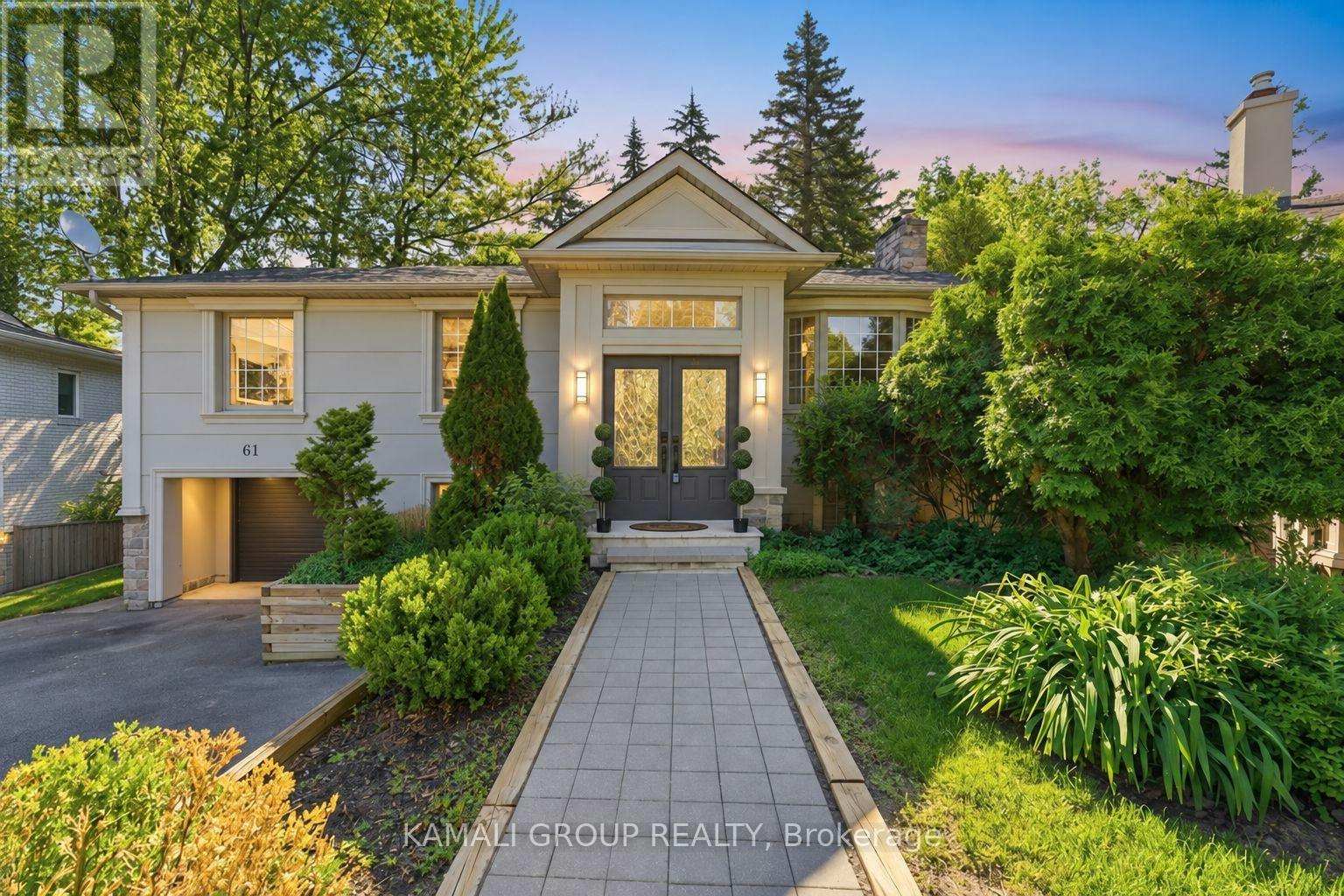 61 Lawnwood Court, Richmond Hill, ON, L4C 4T1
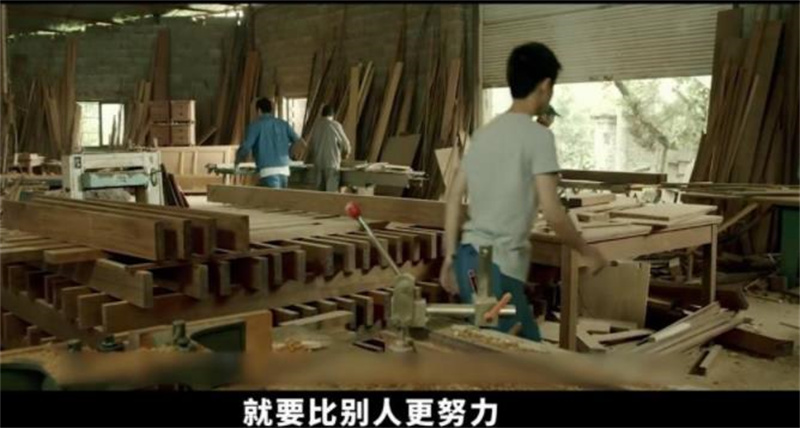 浙江女子戴杏芬给重庆乞丐10元，20年后乞丐成富豪，送100万报恩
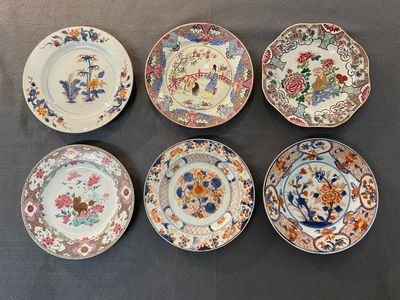 Tien Chinese blauw-witte, famille rose en verte borden, Kangxi en later — foto 1
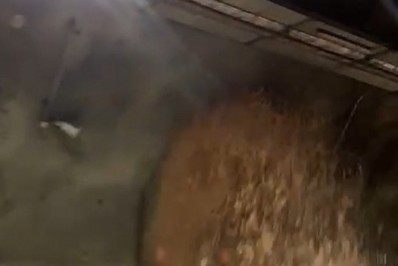 Vídeo: Carro colide em hidrante de túnel e causa vazamento de água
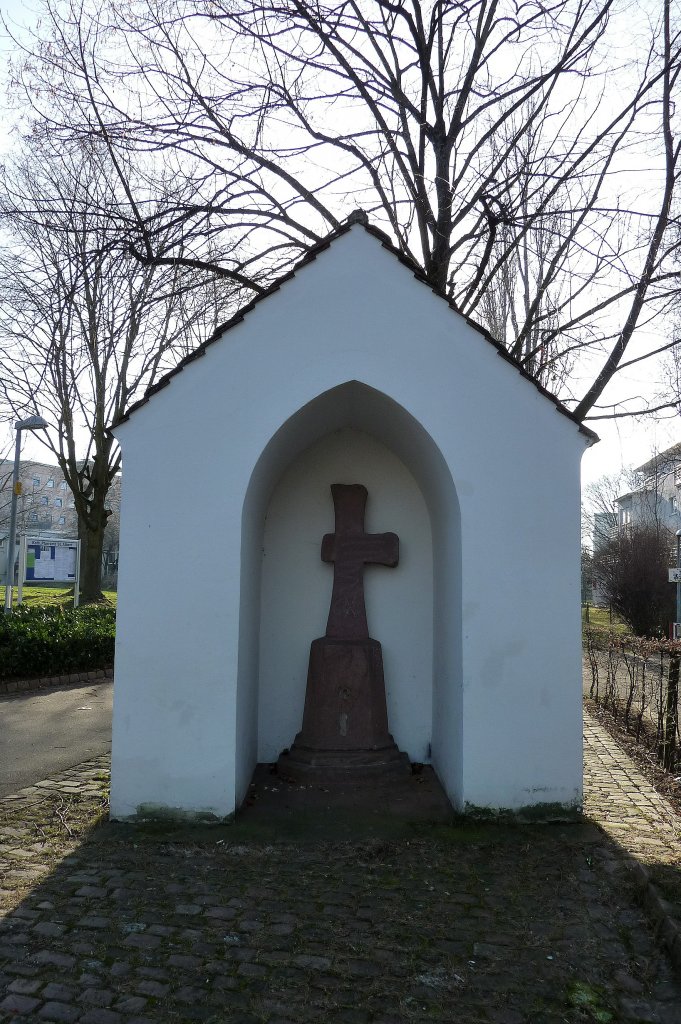 Freiburg im Breisgau, das Bischoffskreuz im Stadtteil Bischoffslinde ist ein besonderes Kleinod der Region, im 14.Jahrhundert errichtet als Shnekreuz fr Konrad von Lichtenberg, war lange Zeit Wallfahrtsort, Jan.2012 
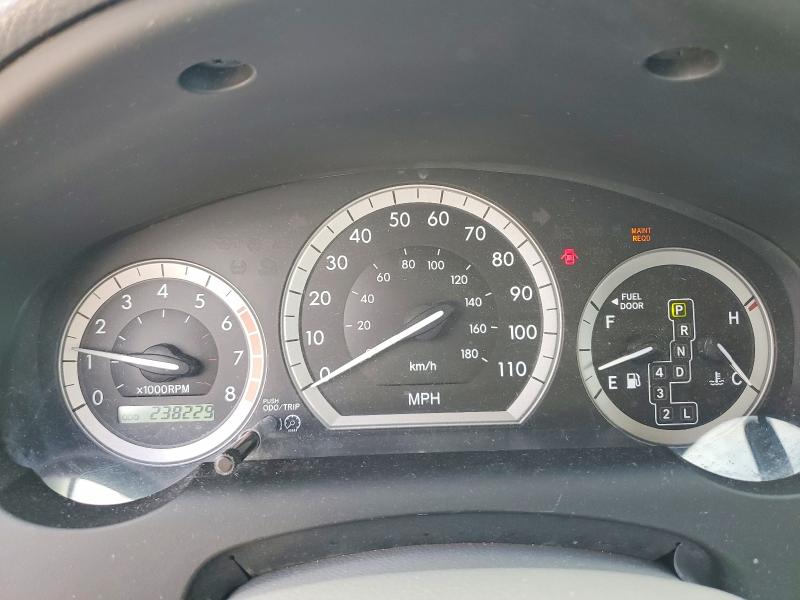 2004 Toyota Sienna VIN 5TDZA23CX4S109252 COPART salvage auction — NORMAL WEAR, Tx - Certificate Of Title, sold $300 on 2026-07-21 (photo 9)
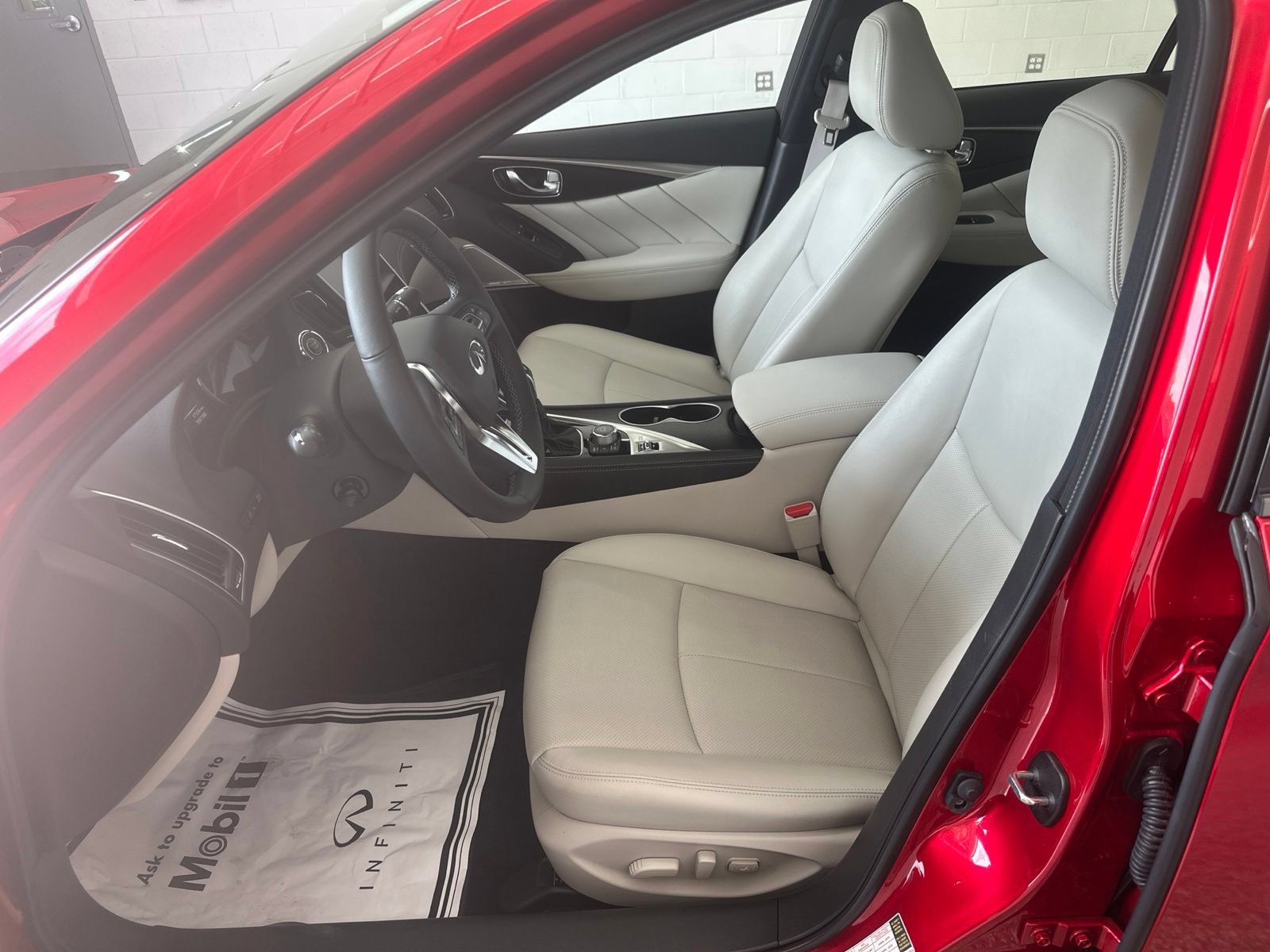 Certified 2023 INFINITI Q50 Sensory AWD/4WD image 9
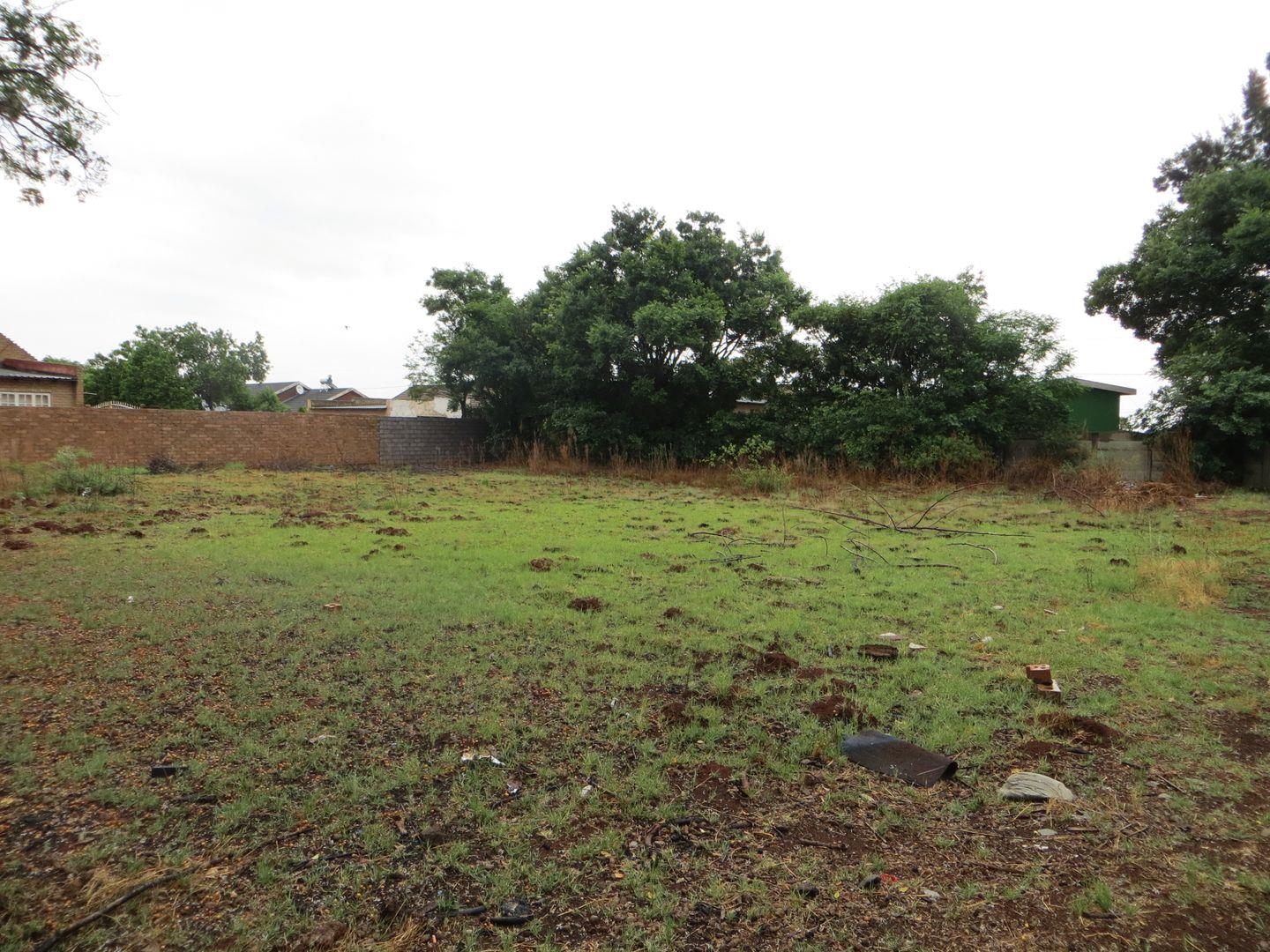 Vacant land / plots for sale in Carletonville Carletonville Property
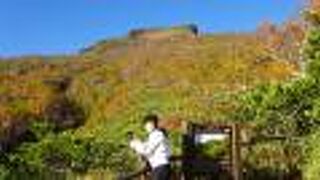 温泉街から、ロープウェイとリフトを使えば、約30分で7合目（1520ｍ）まで行くことができます。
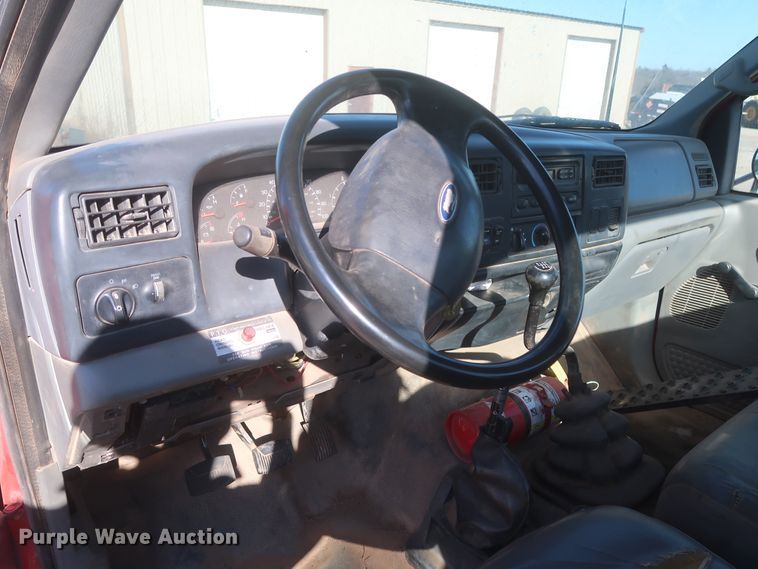 image for item HK9679 2004 Ford F650 Super Duty XL  truck cab and chassis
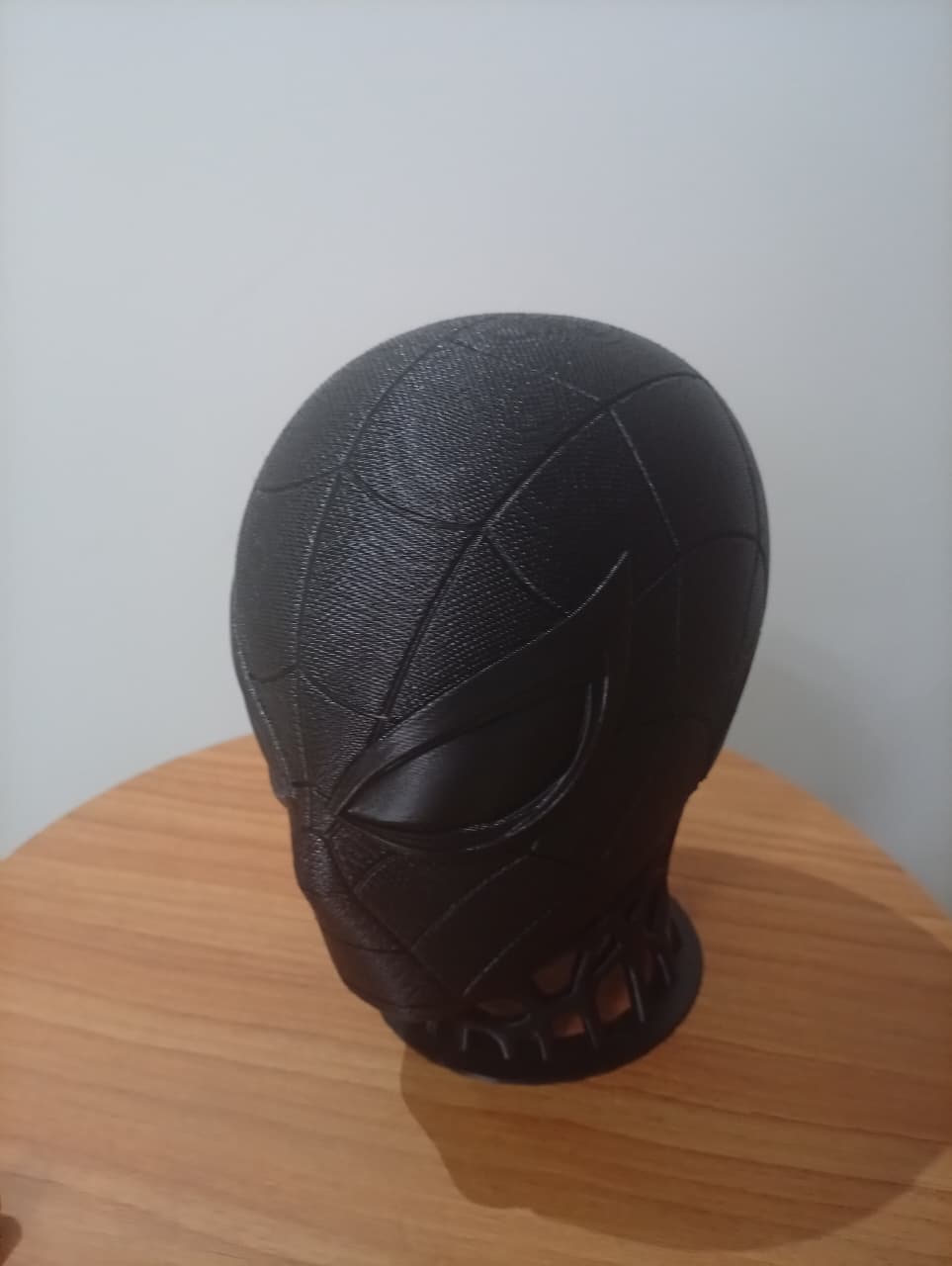 Suporte Headset Homem Aranha - vista lateral esquerda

__DESCRIPTION OF THE TASK__.
Go through the data above and transcribe it in full, omitting any image.

__ANSWER TO THIS EXERCISE__.
 61 Lawnwood Court, Richmond Hill, ON, L4C 4T1
 浙江女子戴杏芬给重庆乞丐10元，20年后乞丐成富豪，送100万报恩
 Tien Chinese blauw-witte, famille rose en verte borden, Kangxi en later — foto 1
 Vídeo: Carro colide em hidrante de túnel e causa vazamento de água
 Freiburg im Breisgau, das Bischoffskreuz im Stadtteil Bischoffslinde ist ein besonderes Kleinod der Region, im 14.Jahrhundert errichtet als Shnekreuz fr Konrad von Lichtenberg, war lange Zeit Wallfahrtsort, Jan.2012 
 2004 Toyota Sienna VIN 5TDZA23CX4S109252 COPART salvage auction — NORMAL WEAR, Tx - Certificate Of Title, sold $300 on 2026-07-21 (photo 9)
 Certified 2023 INFINITI Q50 Sensory AWD/4WD image 9
 Vacant land / plots for sale in Carletonville Carletonville Property
 温泉街から、ロープウェイとリフトを使えば、約30分で7合目（1520ｍ）まで行くことができます。
 image for item HK9679 2004 Ford F650 Super Duty XL  truck cab and chassis
 Suporte Headset Homem Aranha - vista lateral esquerda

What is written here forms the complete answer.